How (and where) it’s celebrated

Hungry Ghost Festival is celebrated in Malaysia, Hong Kong and Taiwan, as well as Singapore. Traditions vary according to region but, in Singapore, the Chinese often offer food, incense, candles and paper offerings to the dead. They also hold performances to entertain the ghosts.

Hungry Ghost Festival Honeykids Asia Singapore

Temporary tents and stages are set up for the celebrations. Photography: Choo Yut Shing via Flickr

Offerings during Hungry Ghost Festival

The Chinese believe that when you burn something, the smoke can rise to the afterlife for relatives to enjoy. You can find shops around Chinatown that sell all sorts of paper offerings, including paper handbags, Apple MacBooks, swimming pools, luxury cars and even banks (after all, why offer a few measly dollars when you can offer a whole bank?). These offerings are usually burned on the 1st, 15th and last day of the Ghost Month in cages, metal drums or in small red containers. Other types of offerings such as fresh fruit, suckling pigs and rice may be left out in the open, no burning required. Warning: people can get a little enthusiastic and kick up a load of smoke and ash so don’t get too close if observing!

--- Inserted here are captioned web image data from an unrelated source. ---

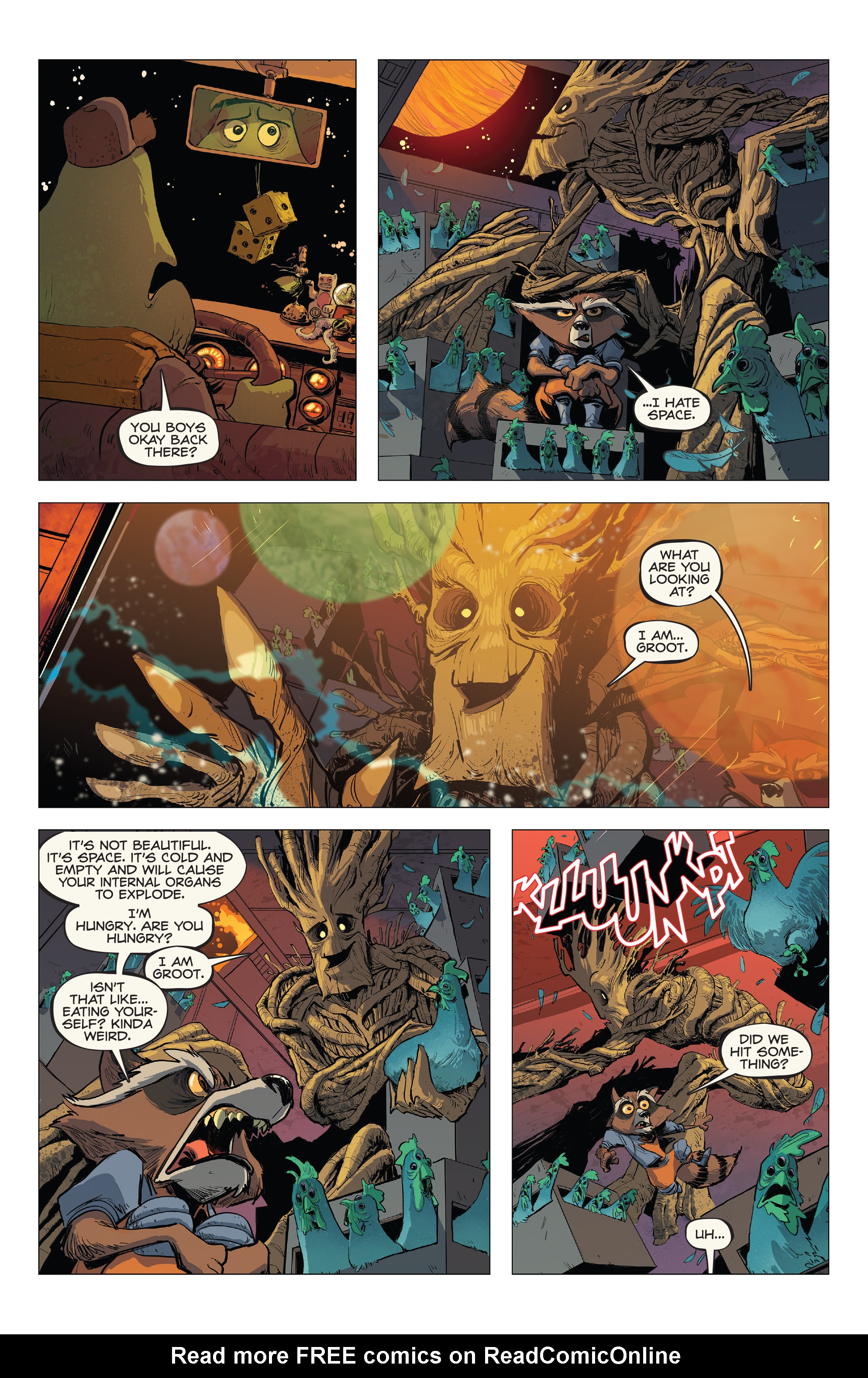 Read online Groot comic -  Issue #1 - 6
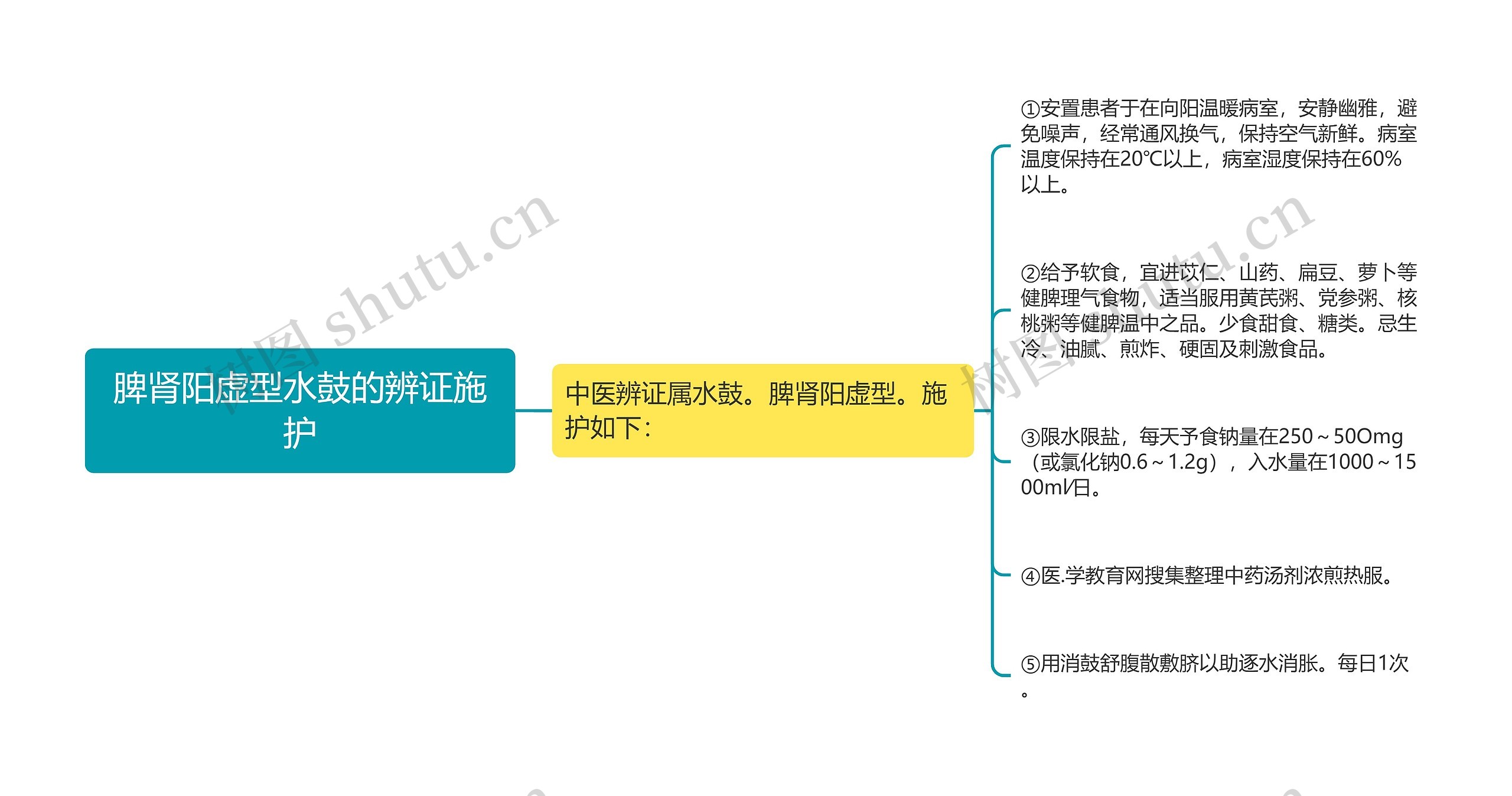 脾肾阳虚型水鼓的辨证施护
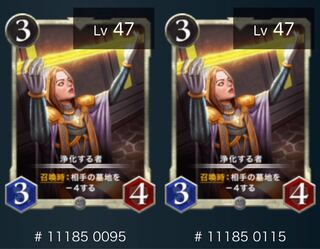 浄化する者　2枚セット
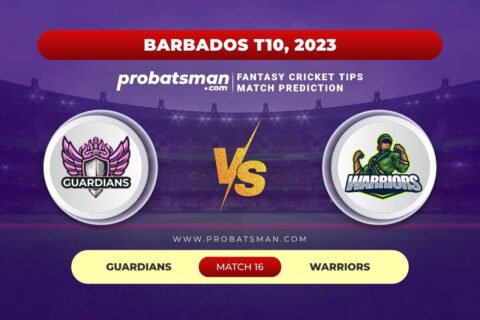Match 16 GUA vs WAR - Barbados T10 2023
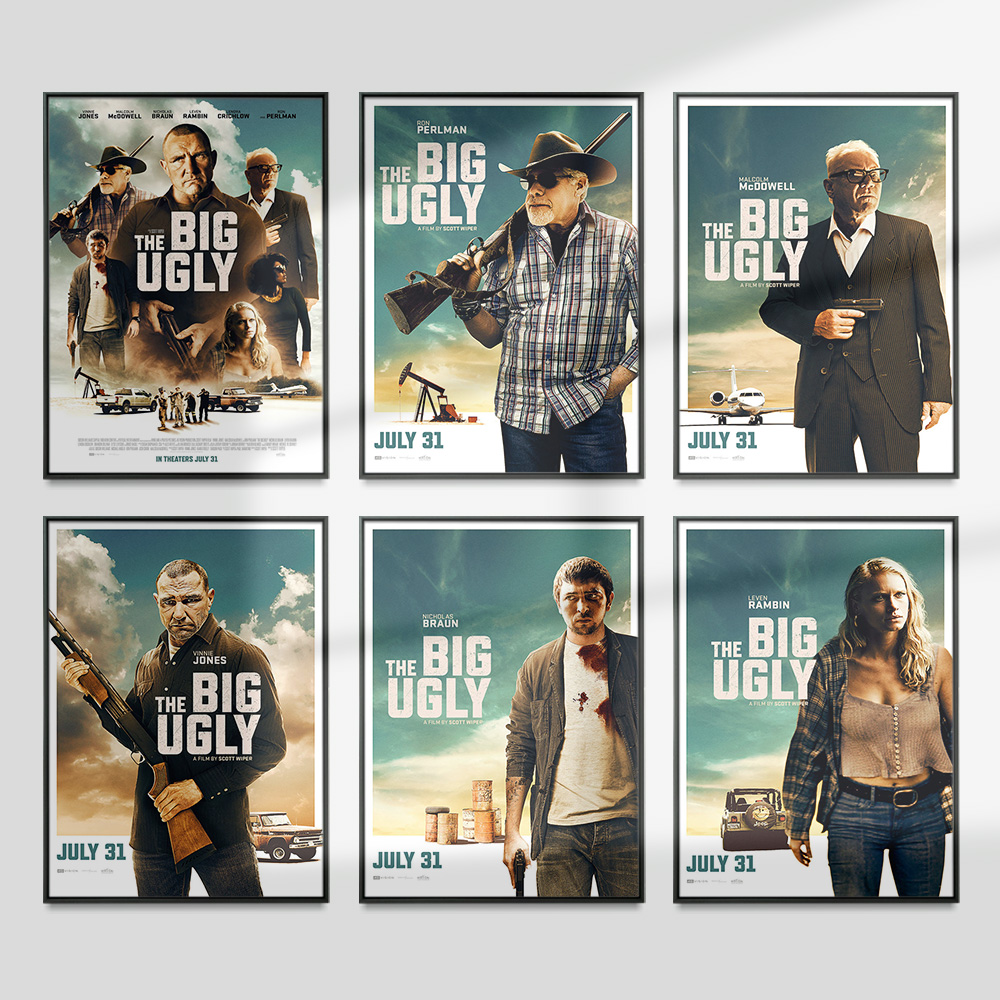 Póster artístico impreso de pe - Home Cinema Films reseña y precio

DON’T touch or kick the offerings or burners. If you do, apologise! And take photos of the offerings at your own peril… Our editor-in-chief ended up with an unwanted spooky houseguest she’s convinced followed her home after she made the rookie error of snapping a shot of the offerings. Not everything should be done for the ‘gram!

Hungry Ghost Festival Honeykids Asia Singapore

Chinese operas are sometimes staged to entertain ghosts. Photography: Choo Yut Shing via Flickr


Temporary tents and stages to entertain ghosts will be set up around the heartland areas, including Joo Chiat and Ang Mo Kio and outside MRT stations. The events held in these areas include dinners and auctions for auspicious items – charcoal pieces wrapped in gold paper representing black gold, for example. Ghosts can also expect dinner and a show at special getai (song stages) where performances feature songs, dances, operas and even stand-up comedy. It’s a good month to be a ghost.

DON’T sit in the front row as it’s reserved for the spirits.

Finally, stick to the rules!

We’ve already included some of the don’ts surrounding Hungry Ghost Festival, but here are a few more superstitions and rules to follow to help keep the ghosts at bay.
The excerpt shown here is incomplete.